While defendant was removing his clothes, D.H. told him that the money was an advance payment for defendant to shoot R.K. who was in the trunk. When defendant refused to do it, D.H. said that she would make it worth his while because she would be receiving insurance money and would have access to other money as well which was currently unavailable to her. When defendant told her that she was crazy and started to put on his clothes, D.H. started the car and sped off. She had not even pulled up her pants. Defendant told D.H. that he was going to jump out of the car the first time that she stopped, but she never did. Instead, she ran through both a stop sign and stop light. Defendant tried to grab the steering wheel and did manage to get the car to the right side of the road when suddenly D.H. grabbed the gun from under the seat and jumped out of the moving car. The car ran up over the curb and came to a stop next to a light pole. *393Defendant squeezed out of the passenger door and took a few steps toward a police officer who pulled out his gun and ordered defendant to lie down on the ground. When he tried to talk, the police officer told him to shut up or he would “blow his brains out.” A second police officer handcuffed him, searched him and took the money D.H. had given him. When R.K. was released from the trunk, he ran over to defendant and kicked him in the face. One of the officers then hit defendant on the forehead with a hard object, causing a wound that required six stitches. Defendant denied owning a gun and further denied ever having had oral sex with D.H.
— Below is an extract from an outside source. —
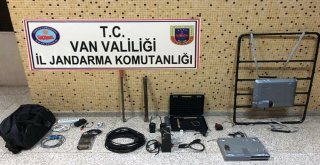 Jandarma İzinsiz Kazı Yapmak İsteyen 6 Şüpheliyi Yakaladı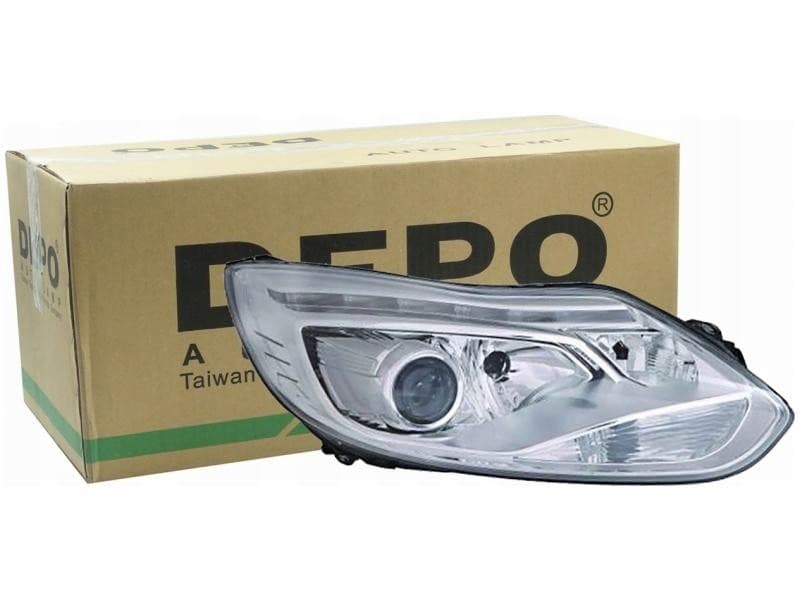 Faro derecho Ford Focus Iii 2011-2020 con reflector nuevo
During cross-examination, defendant stated that he did not recall an officer named Detective Rave and did not recall telling Rave that on the night of April 24, he had met D.H. at the Texas Lady Lounge early in the evening and arranged to meet her later at her house. Further, he did not recall telling Rave that he had put R.K. in the trunk and that D.H. voluntarily unzipped her pants and told him to perform oral sex. Defendant also claimed that while he was in jail the morning of his arrest, he was dizzy and kept passing out from his head wound that continued to bleed although it had been stitched and bandaged. The State then showed defendant photographs taken of him while in the cell which did not indicate that defendant’s head wound was bleeding through the bandages.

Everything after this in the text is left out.